TASK TO CARRY OUT = For this exercise, return all the data word for word, with images left out.

DATA =
*** Block opens ***
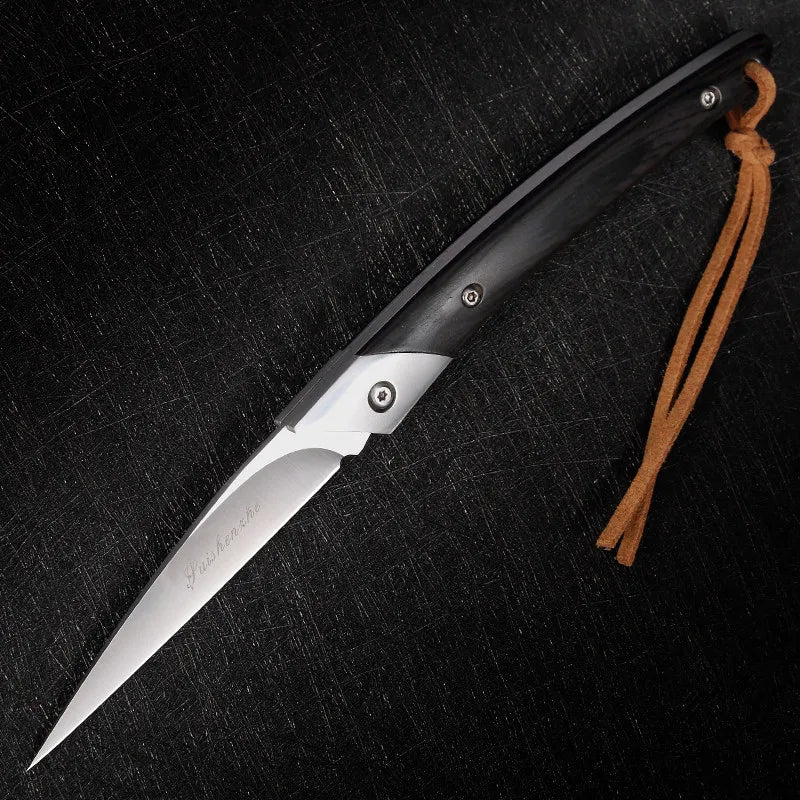 Japanese Carbon Steel Folding Knife – Wood Handle Camping Folding Knife Axl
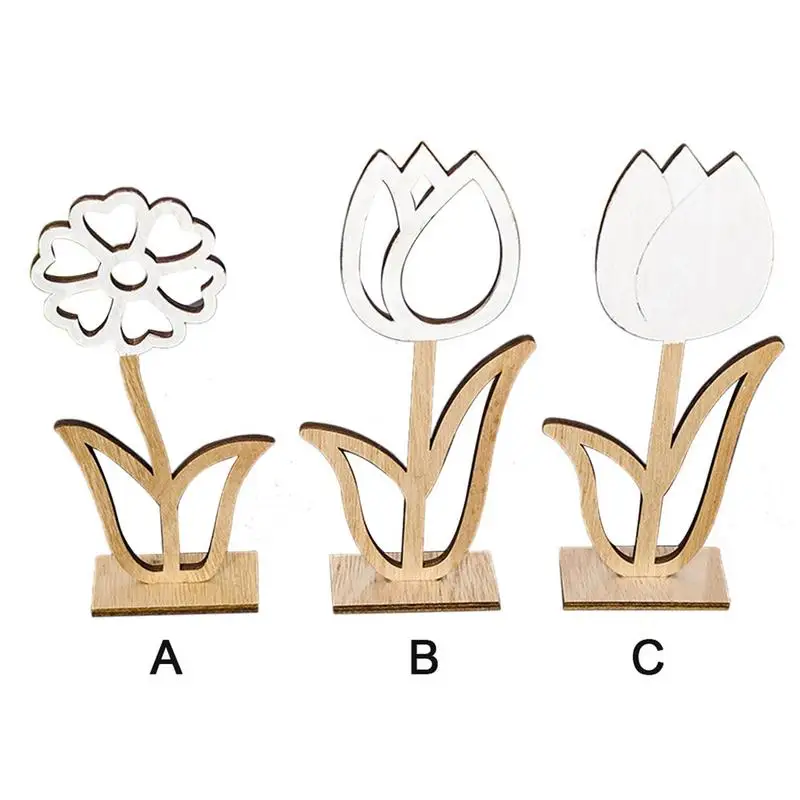 

Easter Decoration For Wooden House Hollow Flowers Creative Easter Party Ornament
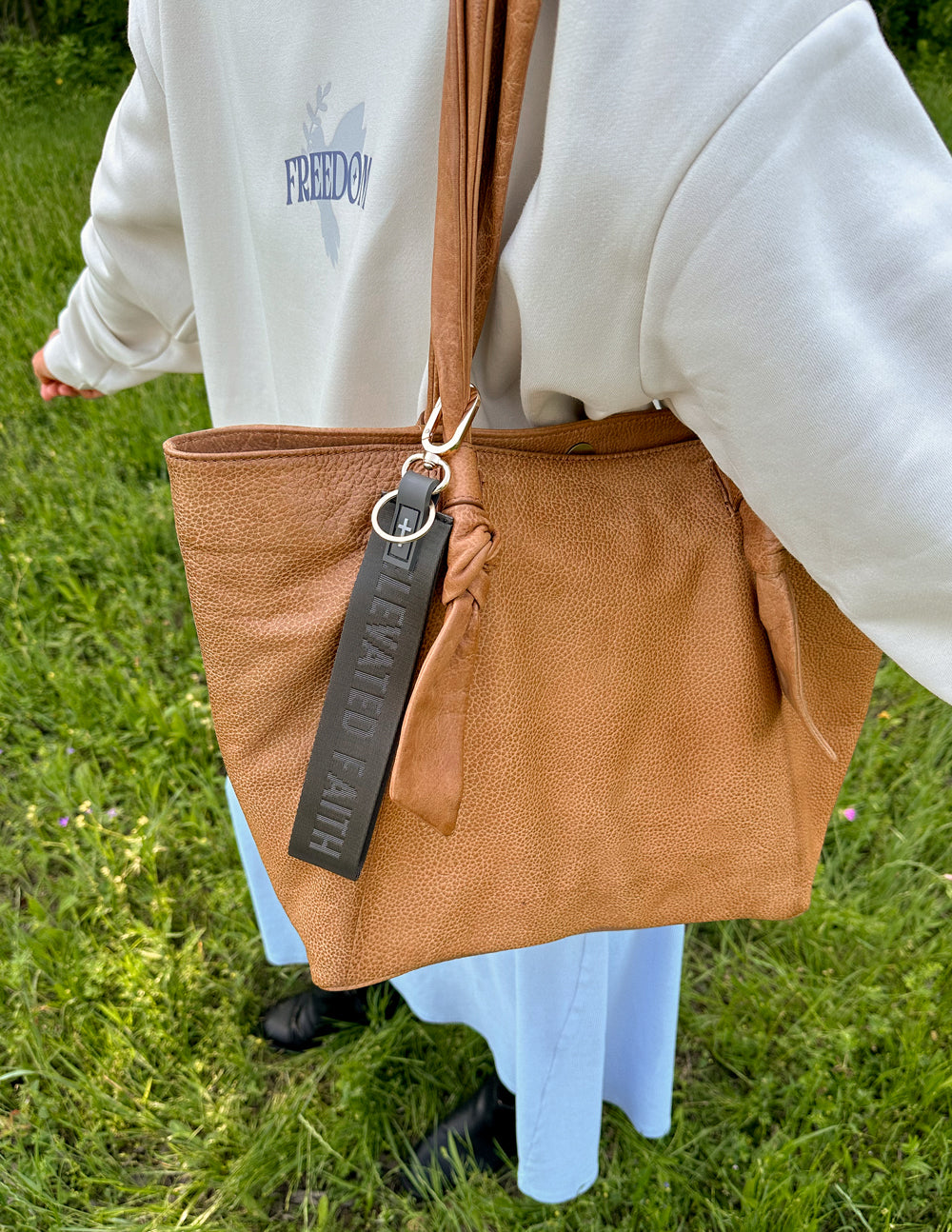 Black Oversized Logo Keychain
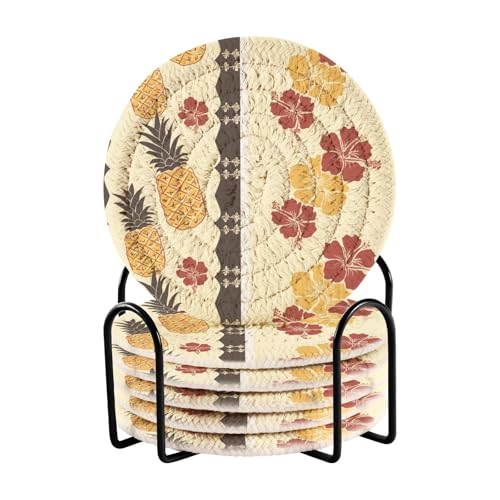6 Stück saugfähige Untersetzer für Couchtisch mit Halter Set von 6 Porta Vasos Para Mesas 10 cm von sanluoli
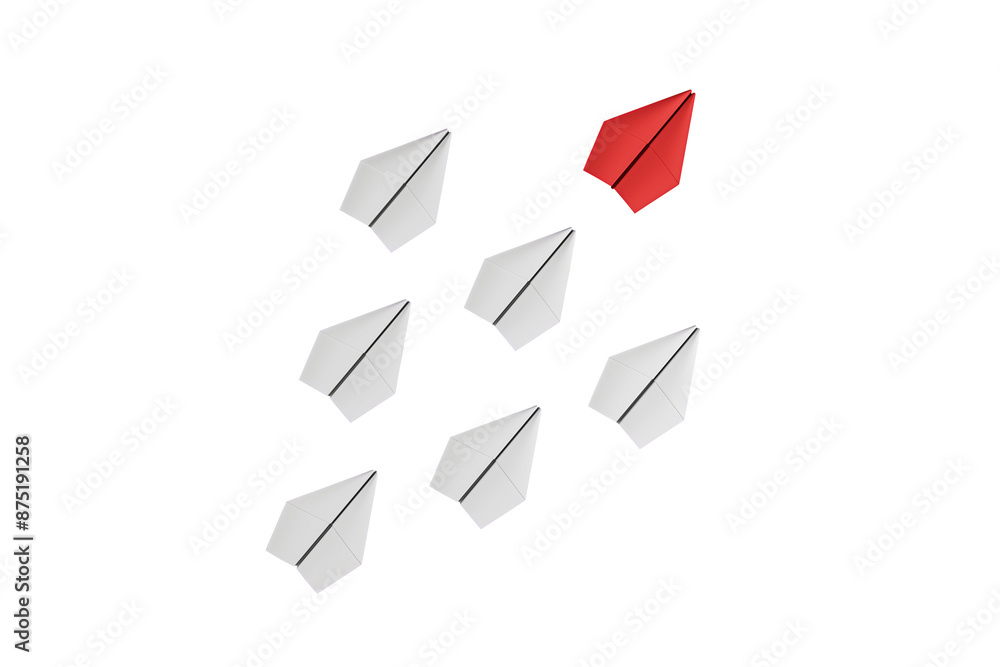 Poster multiple paper planes on a white background, one in red color standing out, symbolizing uniqueness o
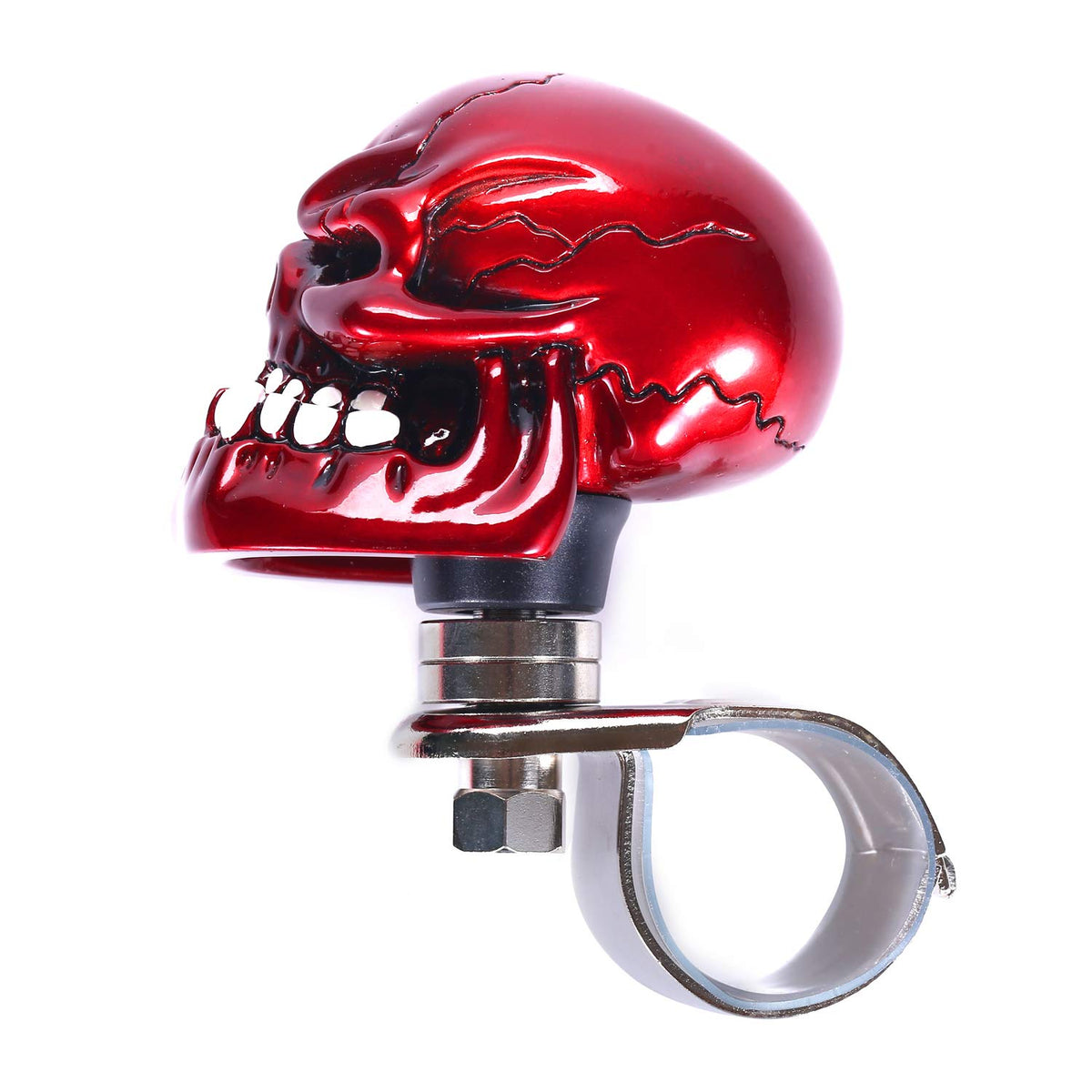 Bashineng skull knob clamp detail showing secure universal mounting benefit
*** Block closes ***
RESPONSE BELOW =
 Japanese Carbon Steel Folding Knife – Wood Handle Camping Folding Knife Axl

Easter Decoration For Wooden House Hollow Flowers Creative Easter Party Ornament
 Black Oversized Logo Keychain
6 Stück saugfähige Untersetzer für Couchtisch mit Halter Set von 6 Porta Vasos Para Mesas 10 cm von sanluoli
 Poster multiple paper planes on a white background, one in red color standing out, symbolizing uniqueness o
 Bashineng skull knob clamp detail showing secure universal mounting benefit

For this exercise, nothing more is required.